There is an overarching legal framework for this. Duties to protect life are placed on the government under Article 6 of the International Covenant on Civil and Political Rights 1966. Aotearoa New Zealand agreed to the standards in this treaty in 1978. Put briefly, there is a duty on police and security forces to take action if they know or ought to know of significant risk to life.
Implicit in this duty to protect life is an obligation to investigate whether inadequate action was taken by state officials if the duty to protect was breached. The reasons for such an investigation include the need to assess the lessons that can be learned with regards to preventing a repetition. But there is also a need to consider questions of reparation for those most directly affected, victims and their families.
This helps to answer what the process should be. The issue of reparations means that victims and their families are directly involved and not merely bystanders. Moreover, the investigation into what went wrong and what can be done to prevent a recurrence is something that group has a particular interest in. This will ensure that the wider public interest is served. The latter is also served by having an investigation that is as public as possible, which will support the important aim of public confidence that the investigation is thorough.
Moreover, the absence of as much being done in public as possible creates the impression of the authorities adopting a “trust us, we know best” approach. This will not do in the context of investigating whether the authorities got it wrong in a way that led to significant loss of life.
There are downsides to greater victim and public involvement in terms of the speed of the investigation and perhaps, its cost.

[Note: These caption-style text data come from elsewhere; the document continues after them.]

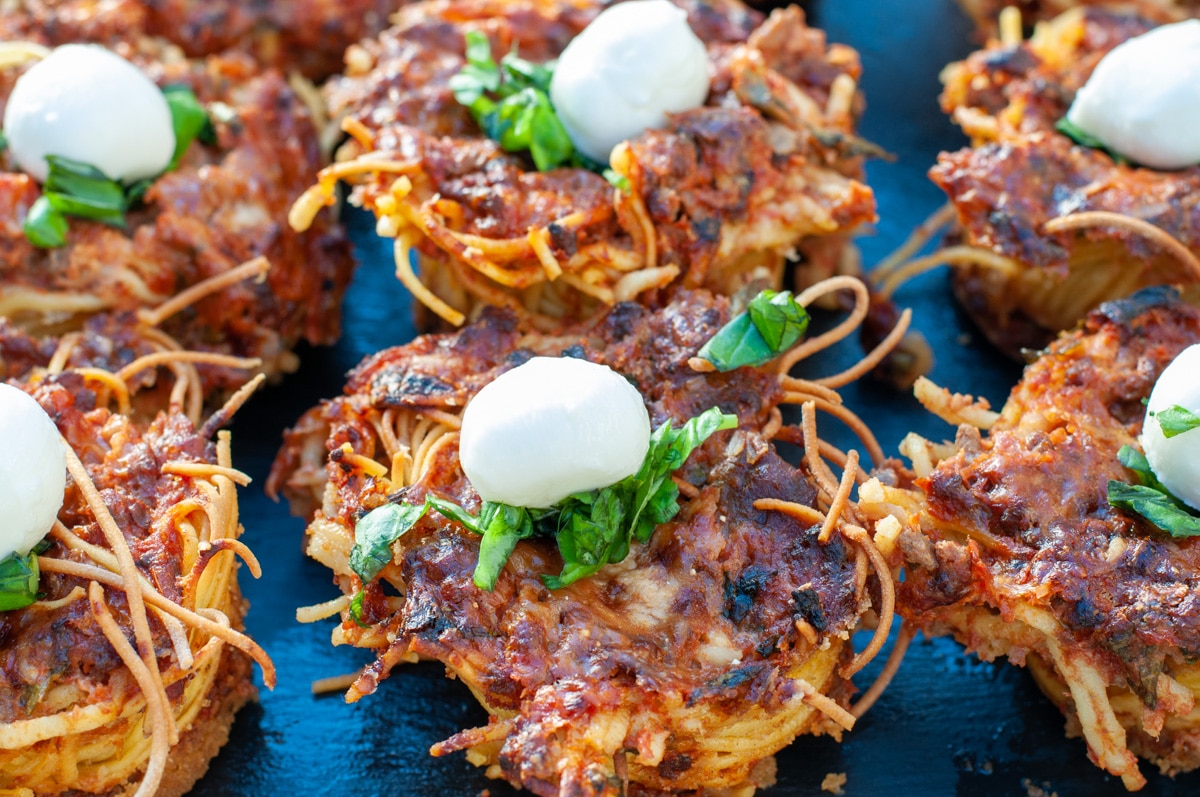 pasta nests with a dollop of cheese on top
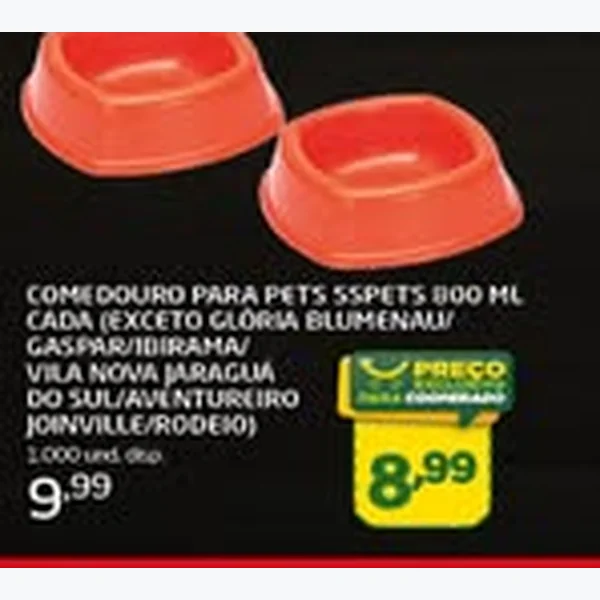 Recorte do encarte de Comedouro para Pets Sspets 800 ml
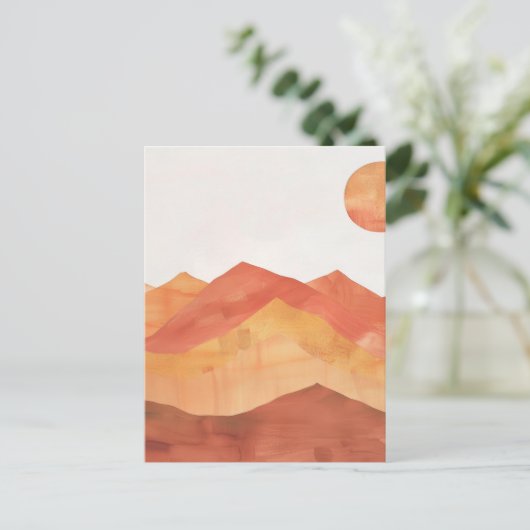Minimalistisch Boho Abstract berglandschap Briefkaart (Staand voorkant)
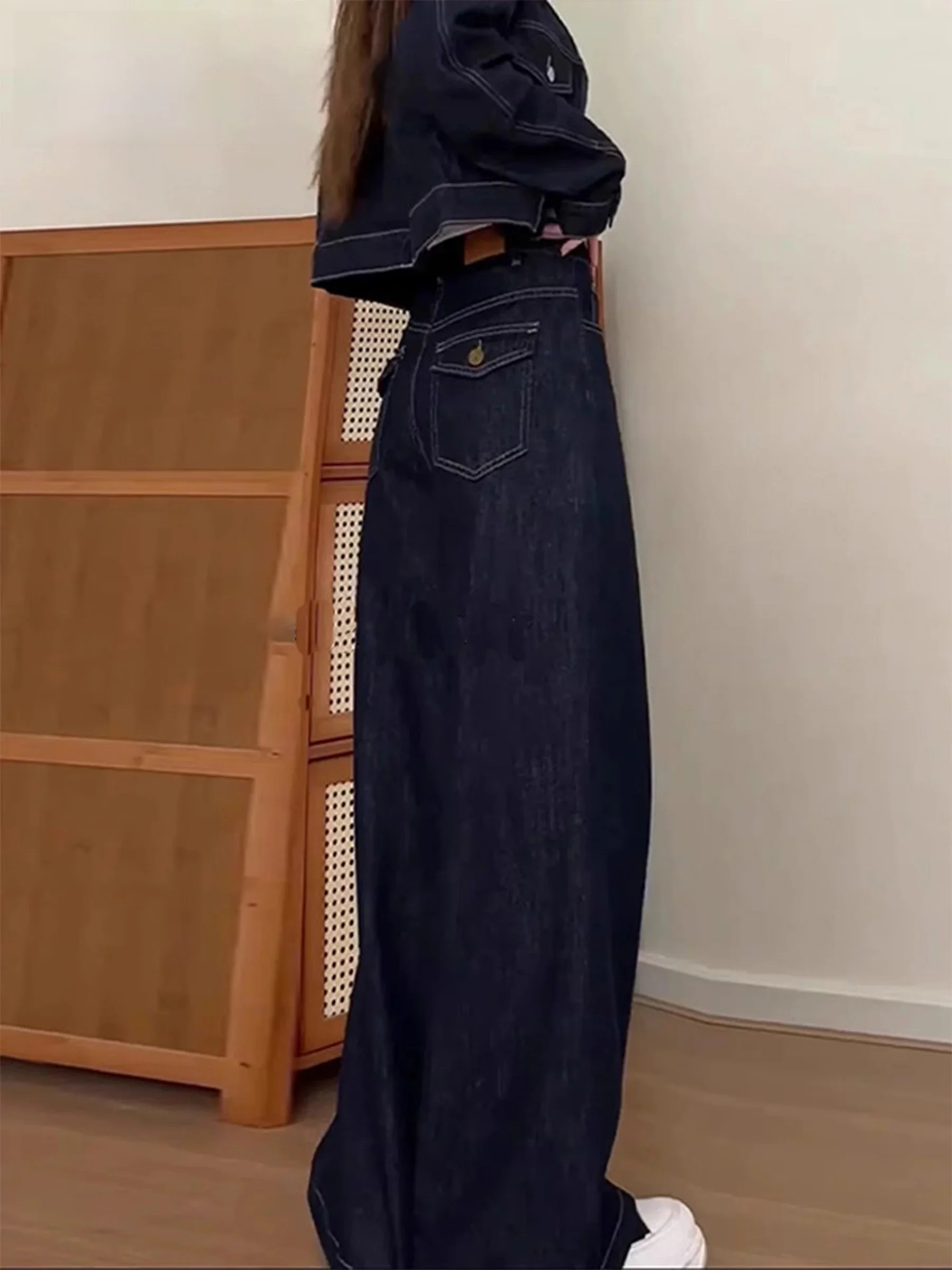 

Женские джинсы Deep Blue Casual с высокой талией, широкими штанинами, свободного кроя, длиной в пол, винтажные, прямые, летняя коллекция 2026 года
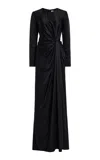 Adam Lippes Salome Silk Charmeuse Dress In Black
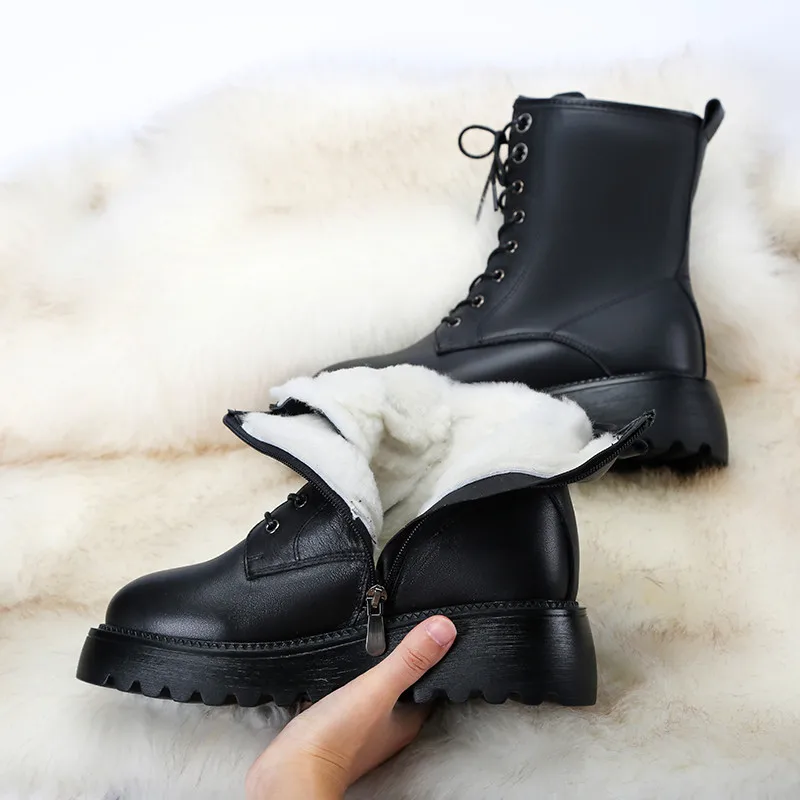 Asumer 2021 žiemos vilna sniego batai moterims, natūralios odos bateliai, nėriniai zip patogus butas laisvalaikio bateliai moteris batai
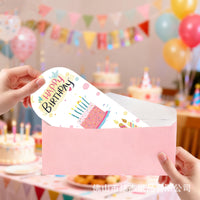 New Birthday Card Creative Folding English Happy Birthday Card Children's Birthday Gift Blessing Message Card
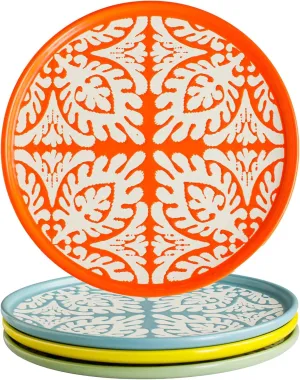 Dinner Plates Set of 4, 10.5 Inch Kitchen Plates Set, Ceramic Serving Dishes Suit for Steak, Pizza and Pancakes, Microwave Dishwasher Safe, Unique Leaf Design Pattern-Matte Multi Colors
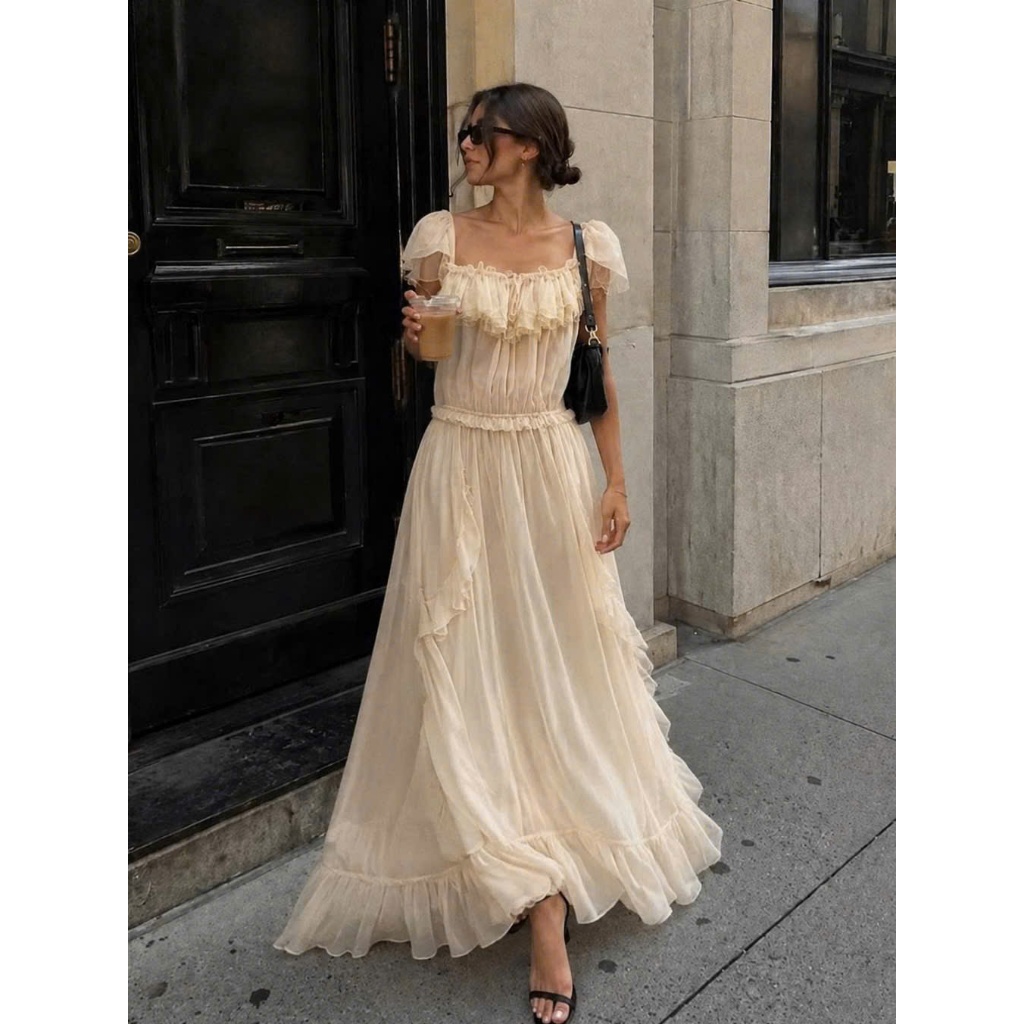 ONONMADE Monroe Dress – Đầm Maxi Bèo Nhún Voan Cổ Vuông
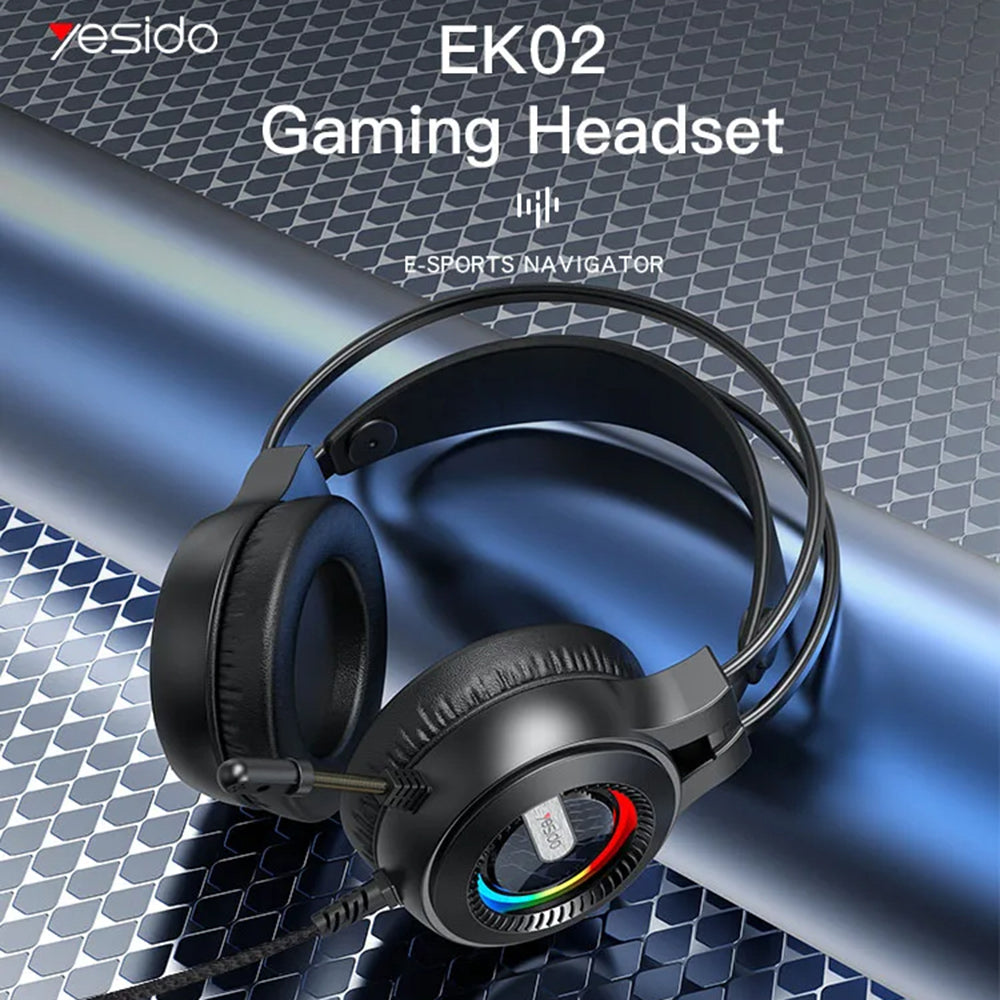 Słuchawki Gamingowe 3.5mm Yesido EK02, RGB, 2.2m, Czarne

But a process that leads to a better outcome is surely worth that: interim findings can always be released to meet the needs of urgency. In addition, a Royal Commission, as can a court, may hear some material in private if the public interest mandates that secrecy.
How does the Royal Commission fare against these requirements? Its terms of reference clearly involve it asking some of the right questions. But there is a significant caveat in that it is precluded from looking into certain areas, namely gun laws, the role of social media and other non-state agencies, and the response of the police after the incident had begun.
It may be that the response to the attack is beyond reproach, but not being allowed to ask the question is restrictive. Furthermore, if part of the problem was a failure to regulate social media and its allowance of vile hatred, or the inadequate enforcement of gun laws, that is something people need to know. This requires an amendment of the terms of reference of the Commission.
The process being followed is also problematic. The Commission issued a note on 13 May setting out a provisional view that it will conduct its information gathering in private. There is an indication that it may have some public foray. There is no mention at all of ensuring that the victims and their families are given an appropriate status. The closest one gets is that a Muslim Community Reference Group will be identified.
Nothing in the Terms of Reference or the Inquiries Act 2013 prevent the Commission from ensuring that there is more direct engagement from the victims and their families. These are the people who the state would have failed if the atrocity is found to have been preventable. They should be more directly involved.
Further, the approach of proceeding in public unless there is a good reason not to would allow informed input into the process. The Commission’s provisional view it that its process is clearly one that it can modify. It is to be hoped that it will review its approach and ensure it complies with the international human rights framework.